Hierin liege der zweite Verstoß gegen den Grundsatz der prozessualen Waffengleichheit.
Gehör ist auch zu gewähren, wenn das Gericht dem Antragsteller Hinweise nach § 139 ZPO erteilt, von denen die Gegenseite sonst nicht oder erst nach Erlass einer für sie nachteiligen Entscheidung erfährt (BVerfG, Beschluss der 3. Kammer des Ersten Senats vom 30. September 2018 - 1 BvR 1783/17 -, Rn. 24) . Entsprechend ist es verfassungsrechtlich geboten, den jeweiligen Gegner vor Erlass einer Entscheidung in den gleichen Kenntnisstand zu versetzen wie den Antragsteller, indem auch ihm die richterlichen Hinweise zeitnah mitgeteilt werden. Dies gilt insbesondere dann, wenn es bei Rechtsauskünften in Hinweisform darum geht, einen Antrag gleichsam nachzubessern oder eine Einschätzung zu den Erfolgsaussichten abzugeben.

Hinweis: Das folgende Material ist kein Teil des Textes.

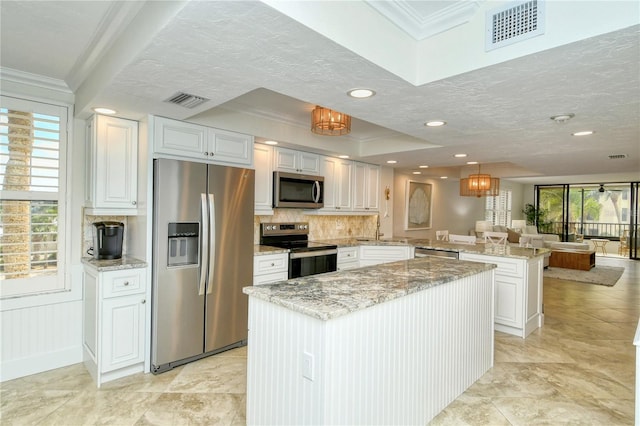 kitchen featuring kitchen peninsula, white cabinetry, pendant lighting, and appliances with stainless steel finishes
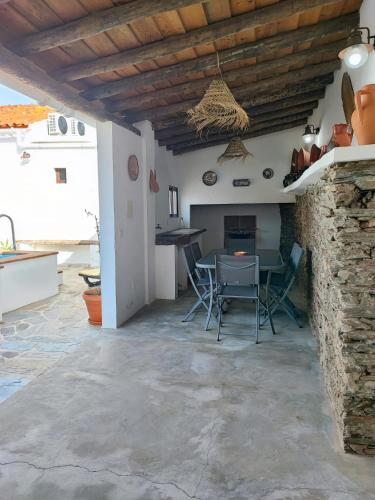 a living room with a table and chairs and a stone wall at Casa Tia Xica in Monsaraz
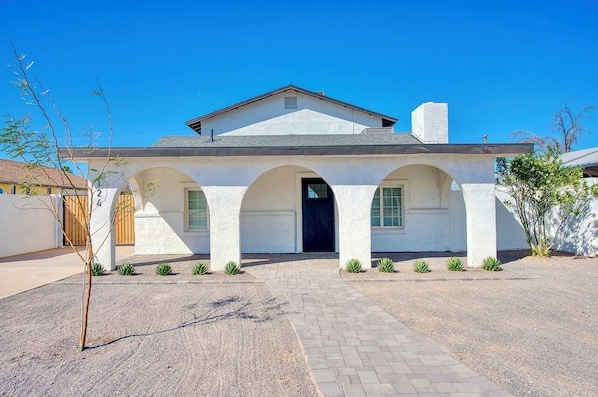 A single-story house with a central entrance, arched windows, and a chimney.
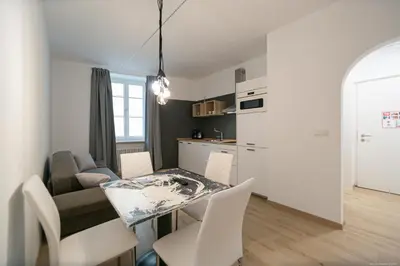 a kitchen and a living room with a table and chairs at Apartment Central in Bolzano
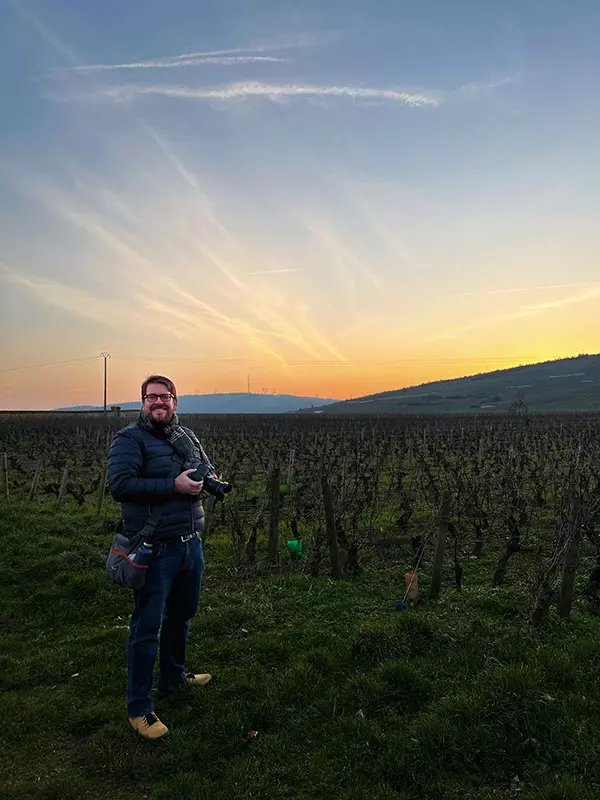 Photographer Greg Brown on location for a sunset photoshoot in a vineyard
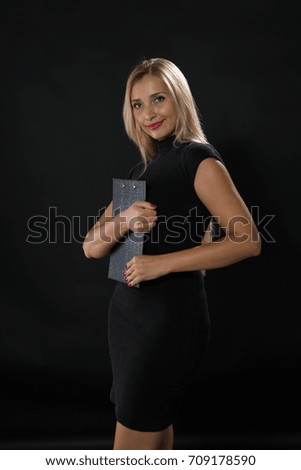 Young happy woman portrait of a confident businesswoman showing by hands on a black background. Ideal for banners, registration forms, presentation, landings, presenting concept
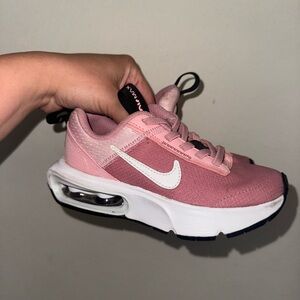Pink and white Nike airmax 11c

Entsprechend wäre es verfassungsrechtlich geboten gewesen, die Beschwerdeführerin vor Erlass der einstweiligen Verfügung in den gleichen Kenntnisstand zu versetzen wie die Antragstellerin des Ausgangsverfahrens, indem auch ihr die richterlichen Hinweise zeitnah mitgeteilt worden wären.

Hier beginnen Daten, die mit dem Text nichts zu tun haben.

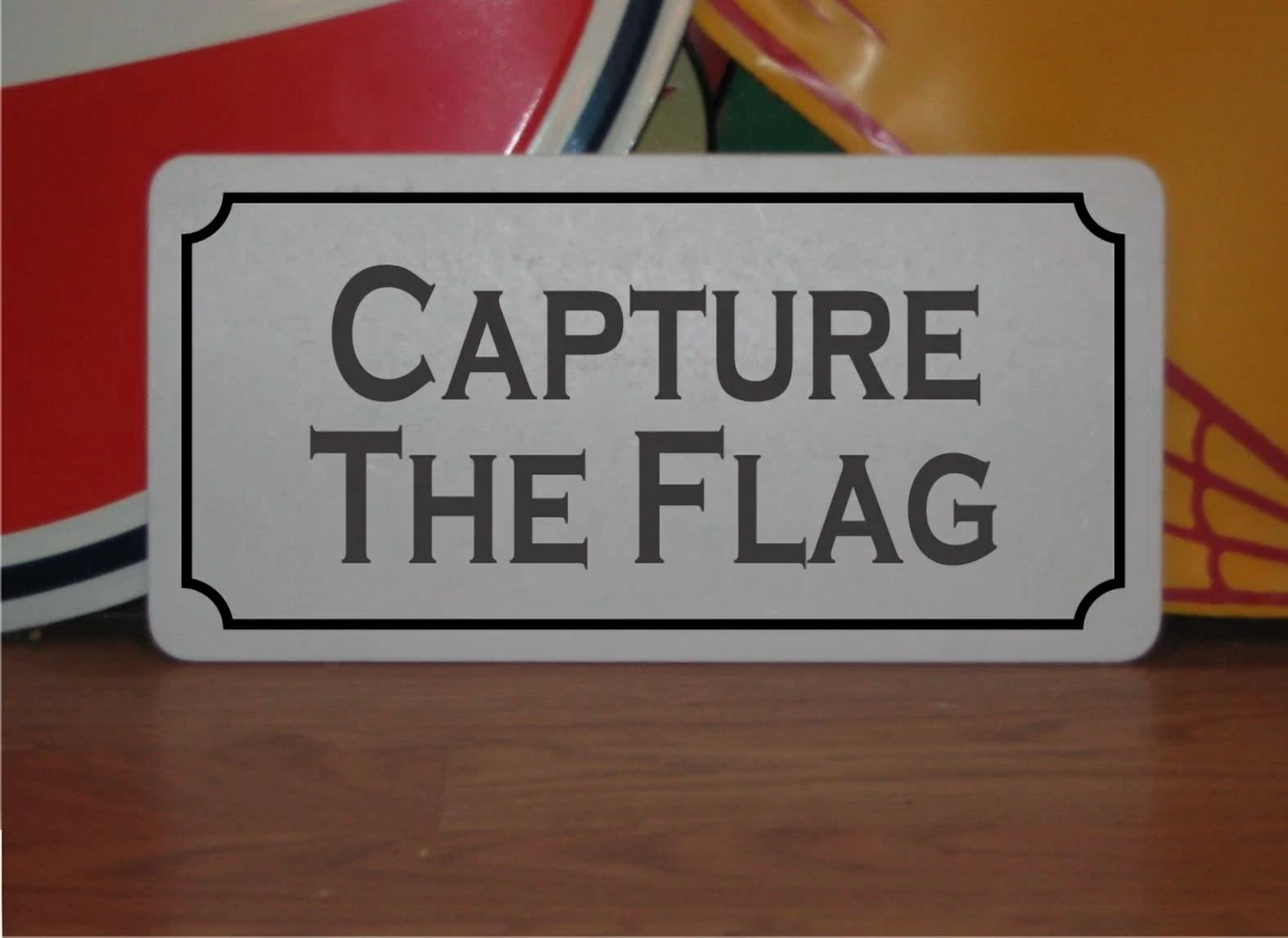 Capture The Flag Metal Sign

Das Bundesverfassungsgericht stellte jedoch zugleich fest, dass nicht jede Verfassungsbeschwerde gegen die Verletzung prozessualer Rechte unter Berufung auf die prozessuale Waffengleichheit statthaft sei. Zudem sei ein besonderes Feststellungsinteresse notwendig. Daran fehle es hier, so das Bundesverfassungsgericht. Die Abweichungen zwischen dem außergerichtlich geltend gemachten Unterlassungsverlangen und dem ursprünglich gestellten Verfügungsantrag sowie der nachgebesserten Antragsfassung stellten sich in der Sache als gering und nicht gravierend dar. Grund hierfür sei die im Lauterkeitsrecht entwickelte „Kerntheorie“.

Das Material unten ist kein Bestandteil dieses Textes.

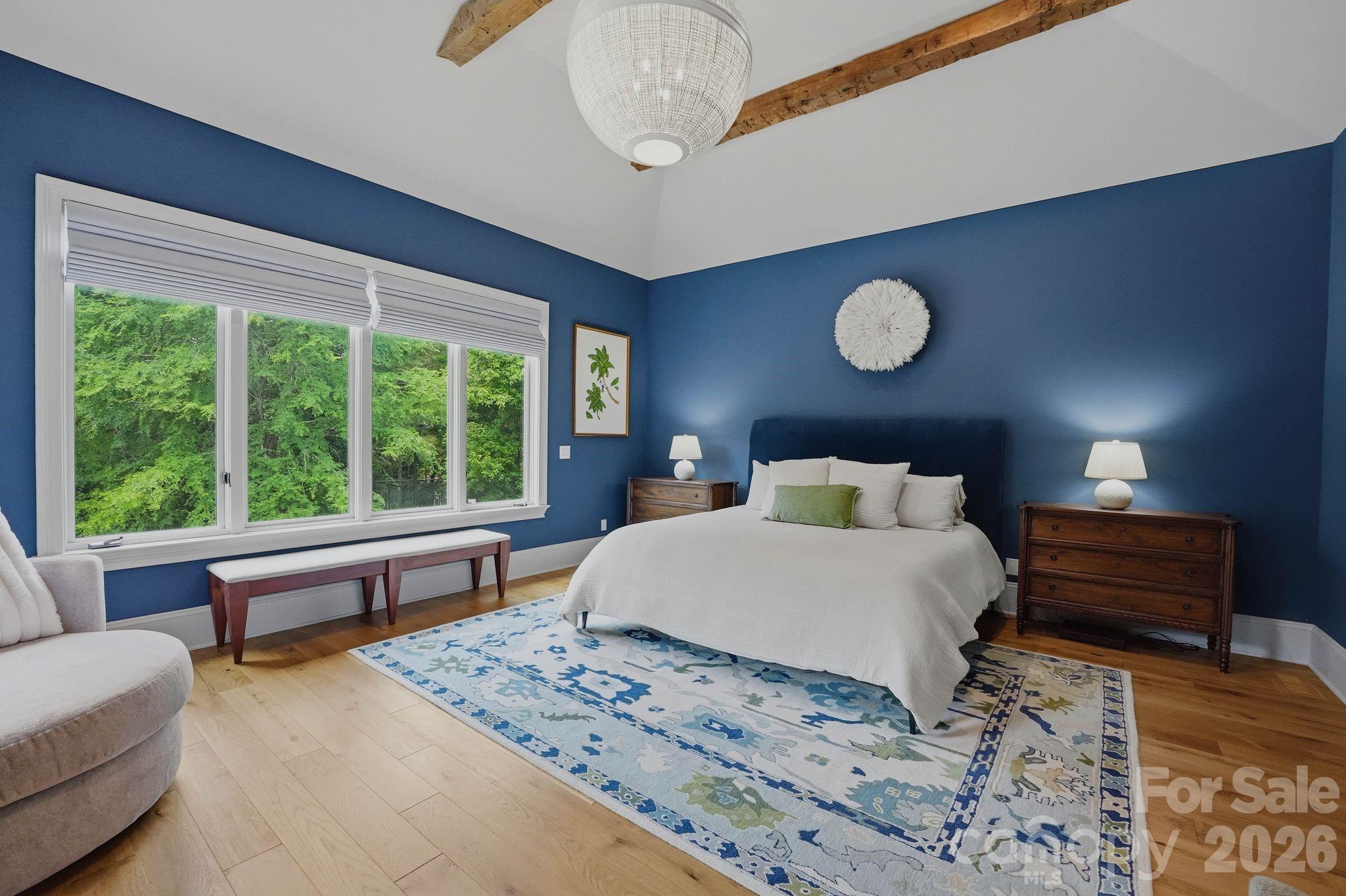 7416 Lee Rea Road Charlotte, NC 28226 - Photo 28 of 48 a bedroom with a large bed and a large window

Die im Recht des unlauteren Wettbewerbs entwickelte „Kerntheorie“ besagt, dass der Schutzumfang eines Unterlassungsgebots nicht nur die Verletzungsfälle, die mit der verbotenen Form identisch sind, sondern auch solche gleichwertigen Verletzungen umfasst, die ungeachtet etwaiger Abweichungen im Einzelnen den Verletzungskern unberührt lassen. Die Kerntheorie ist verfassungsrechtlich im Grundsatz unbedenklich […]. Sie dient der effektiven Durchsetzung von auf Unterlassung gerichteten Ansprüchen, die wesentlich erschwert wäre, falls Unterlassungstitel nur in Fällen als verletzt gälten, in denen die Verletzungshandlung dem Wortlaut des Titels genau entspricht. Dass ein Unterlassungsgebot sich auf den Inhalt der zu unterlassenden Handlung bezieht und weniger auf ihre konkrete Formulierung im Einzelfall, ist auch für den Unterlassungsschuldner erkennbar.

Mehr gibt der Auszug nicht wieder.